Мы знаем, что гений Китса был основан на чтении книг. Он
даже не начал писать, пока ему не исполнилось почти восемнадцать, когда Кауден Кларк одолжил ему сокровищами своей библиотеки, включая библиотеки Fa;ry Queene. Первый из его великих поэм была написана после прочтения
Чепмен был _Homer_, и до конца своей жизни он вдохновлялся произведениями искусства
в большей степени, чем любой другой гениальный писатель в
Англии того времени.
Это может помочь объяснить, почему он был, как указал мистер Джон Бейли
, поэтом тишины. Книги, картины и греческие вазы
неподвижны. Они превращают нашу жизнь в чудо транса, и, если Китс,
видел Кортеса “безмолвным на вершине в Дариене”, и
седовласого Сатурна, спокойного, как камень,
Еще как тишина, его логове;
и цифра после рисунке в том же скульптурные тишина, может это не
были из-за того, что его гениальность ФРС во многом на искусство?
Китс, однако, был поэтом транса, даже если не считать его пребывания в
мир транса художников. Одним из его характерных настроений было
экстатическая праздность, как у человека, попробовавшего зачарованную
траву. Он действительно был поэтом, чья душа улетала в песне, как на
сонных крыльях мечты. Можно сказать, что он перешел от лихорадки
жизни к опьянению поэзией. Он любил поэзию - “моего демона
поэзию” - как вещь в себе, как, возможно, не любил ни один другой поэт, столь же великий
. Это был его поиск, это был его рай. Он действительно молился:
Чтобы я мог умереть достойной смертью
В роскоши, и мой юный дух последовал за
Утренними лучами солнца к великому Аполлону
Как свежее жертвоприношение; или, если я смогу вынести,
Наши восхитительные сладости приведут меня на ярмарку
Видения всех мест: уголок бауэри
Будет элизиум - вечная книга
Откуда я могу скопировать множество прекрасных высказываний
О листьях и цветах - об игре
нимф в лесах и фонтанах; и тени
Хранить тишину возле спящей горничной.
Это было настроение, в котором он написал свое величайшее произведение. В то же время
Китс не был абсолютным эстетом.
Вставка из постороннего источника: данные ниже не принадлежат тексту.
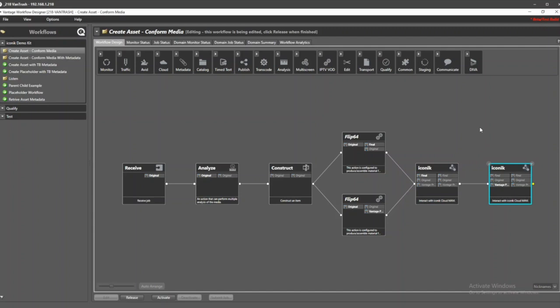It allows a direct connection between a Vantage system, be it on-prem or virtualized, into the Iconic Cloud MAM. This is something like this workflow here.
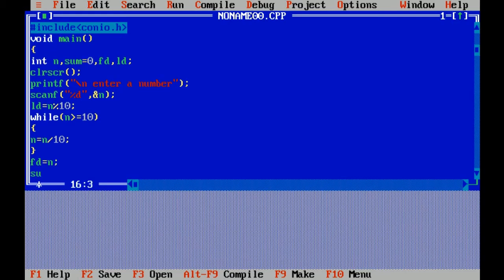Now, I am adding the value of first and last digit of number.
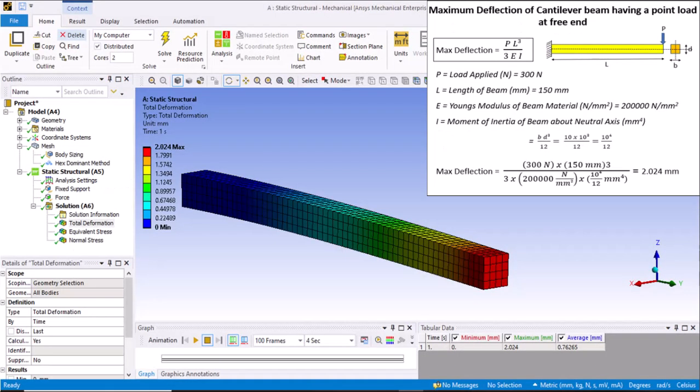Hello everyone, welcome to my channel. In this video we will see how to simulate the beam deflection problem in ANSYS Workbench. We will also do the analytical calculation with the help of strength of material formulas and compare both the results.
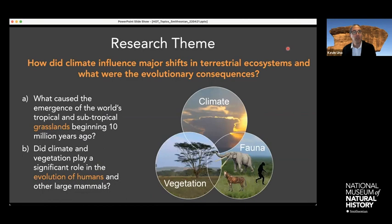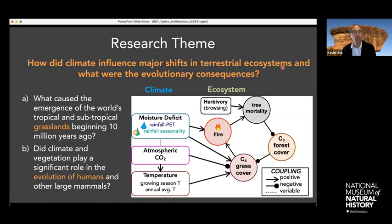The main question that drives my research is: how did climate influence major shifts in terrestrial ecosystems, and what were the evolutionary consequences? We can break that down further: what caused the emergence of the world's tropical grasslands beginning 10 million years ago? And did climate and vegetation play a significant role in the evolution of humans? As an earth scientist, I look at the link between climate, vegetation, and fauna in a technical way, broadly defined into a climate aspect and the effects on the ecosystem.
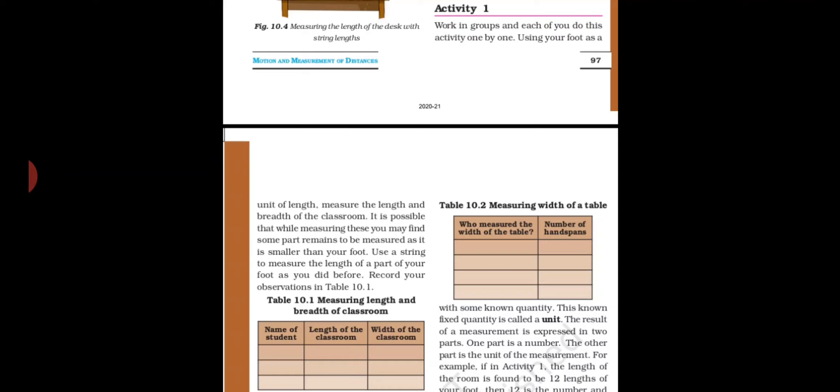In this activity, take your right foot and start measuring — right foot, then left foot, right then left, repeatedly. However, it is possible that while measuring, some part of the room remains because it is smaller than your foot, so you cannot measure it accurately.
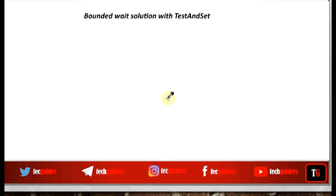In the previous videos we have seen that the test-and-set instruction and the swap instruction ensure mutual exclusion and progress, but they do not ensure bounded waiting. Now let's see a solution to the critical section problem using the test-and-set instruction which ensures mutual exclusion, progress, and also bounded waiting.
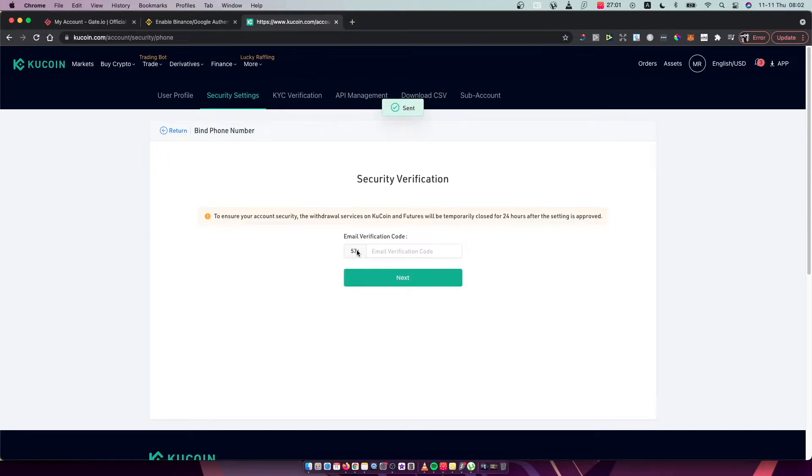So I will do that and I need to wait for a few seconds. Here I already got the code and I will put this on here.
Он с самого начала осознал, как мы
видим в этом раннем стихотворении “Сон и поэзия”, что истинная область
поэзия - это не радости чувств, а вся человеческая жизнь:
И смогу ли я когда-нибудь распрощаться с этими радостями?
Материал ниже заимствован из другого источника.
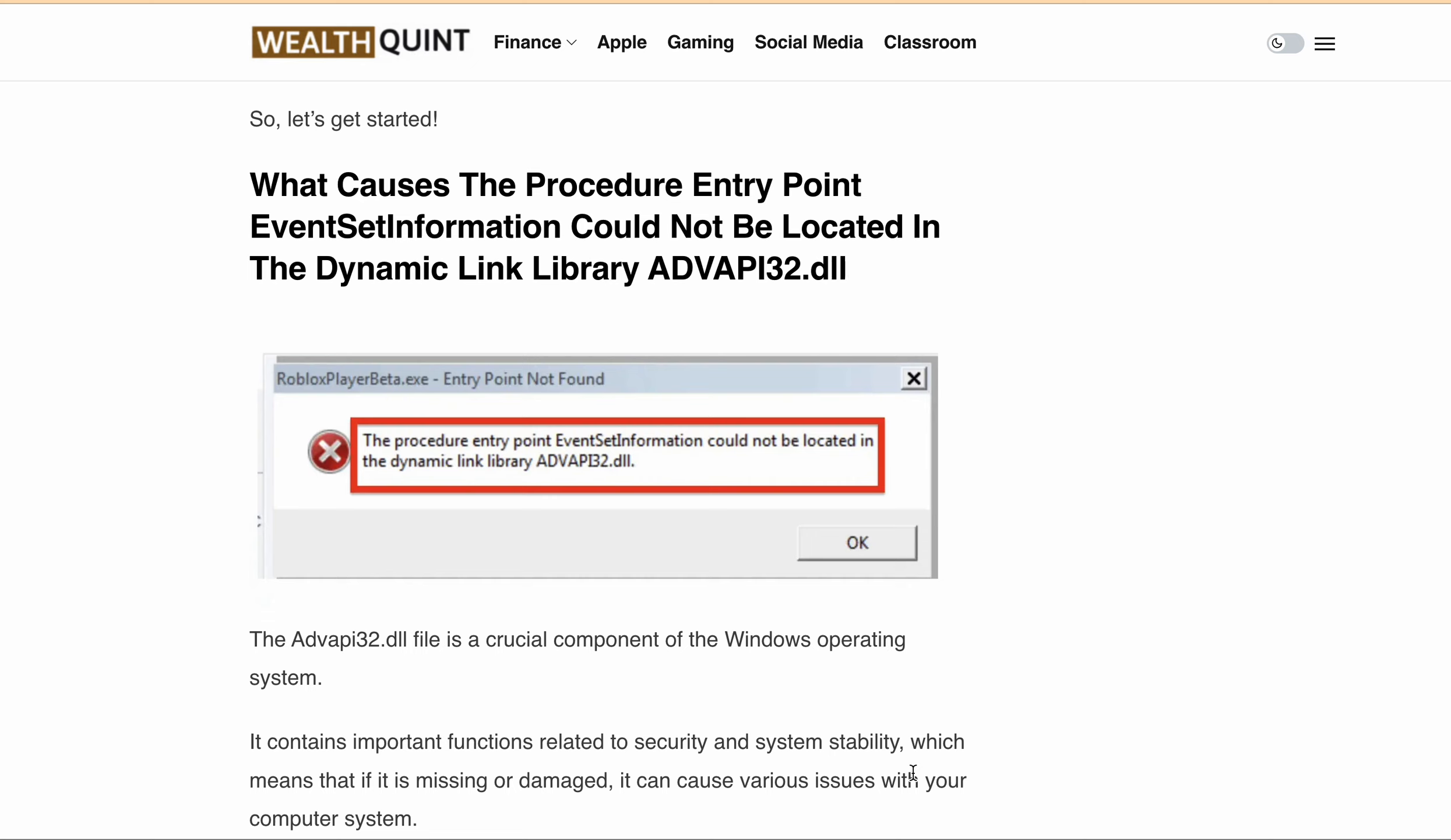The full error message says 'The Roblox player beta.exe entry point not found, followed by the procedure entry point EventSetInformation could not be located in the dynamic link library ADVAPI32.dll.' Another variation of this error is 'This application failed to start because ADVAPI32.dll was not found.'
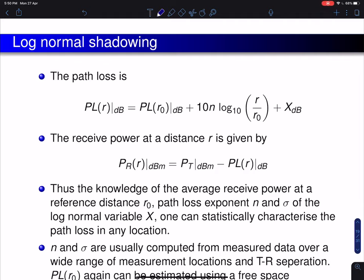Hi everyone. In the previous lecture we discussed a very important point about path loss models. We classified it as large-scale and small-scale effects. Large-scale effects concern when the mobile device is moving by several tens of wavelengths.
Да, я должен отказаться от них ради более благородной жизни,
Где я могу найти агонию, борьбу
человеческих сердец.
Современные критики, читая эти строки, испытывают искушение принизить значение
фактически выполненной Китсом работы по сравнению с работой, которую он
мог бы выполнить, если бы не умер в двадцать пять лет. Они предпочитают
“Падение Гипериона”, что он мог бы написать, чтобы “накануне
Санкт-Аньес”, “Соловья” и “греческая ваза”, что он сделал
пишите. Потенциального Китса средних лет они любят больше, чем идеального
молодого Китса.
Мне это кажется извращением, но критика ценна тем, что напоминает
нам, насколько богатой и глубокой была натура, выразившаяся в творчестве
даже молодого Китса. Китс был ;sthete, но он всегда был
что-то другое. Он был человеком, постоянно движимым божественной жаждой
того, чего никогда не достичь юношеским экстазом - знания,
истины, чего-то, что могло бы исцелить человеческие печали. Его природа
постоянно находилась в состоянии войны с самой собой. Его существо пребывало в смятении, даже
хотя его гений нашел свой идеальный час в тишине.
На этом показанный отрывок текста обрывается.